Unsupervised learning is making leaps & bounds. Even supervised learning isn't
able to solve all problems better than humans even if it can do so on a
staggeringly large amount of problems.

I don't think anyone is positing that that's true forever and all time. It
seems reasonable to bet on AI at some point becoming sophisticated enough to
outperform AI+human. I think it'll happen shortly after the point where AI can
identify a new problem (or class of problems) by itself that it hasn't been
taught about & then build new tools to help itself tackle that problem. After
that it's the singularity because that process repeats ad infinitum. The only
value-add of humans after that is if our creativity is somehow
better/different than & can explore problems in ways the AI can't (& even that
feels like a very short-lived advantage unless there's some crucial
physical/mathematical impossibility standing in the way).

------
blauditore
Why would you write code using AI? If the AI is able to figure out
requirements, why not just let it do it directly, simply speaking?

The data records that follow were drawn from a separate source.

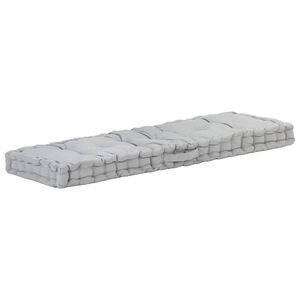 vidaXL Coussin de plancher de palette Coton 120x40x7 cm Gris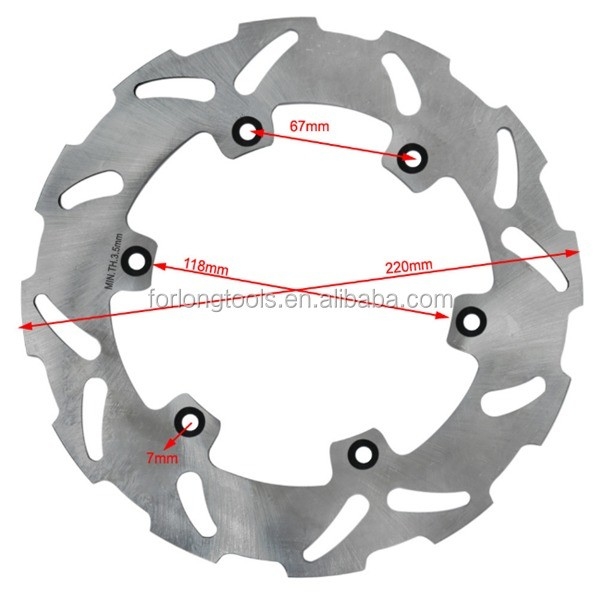 220mm OD από ανοξείδωτο χάλυβα 3,5mm πάχος τιτανίου περιστροφός φρένων για Suzuki RM 125 250 RMX S 250 DRZ E 400 Μέρη μοτοσυκλέτας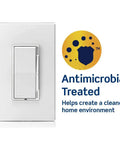Killer Smooth Slide Dimmer Switch Antimicrobial Mold Resistant For Led And Bulbs Hassle Free Install Wall Plate clean white finish.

I always have a hard time to see the benefit of code-generation tools in
general. If you can generate the code for a piece of functionality, you may as
well abstract away primitives for that and make it a one-liner operation in
the code you're writing. If that's not possible, it's probably a shortcoming
of the language, framework or whatever system you're using (which is
admittedly the case sometimes in the real world, because things evolve
slowly).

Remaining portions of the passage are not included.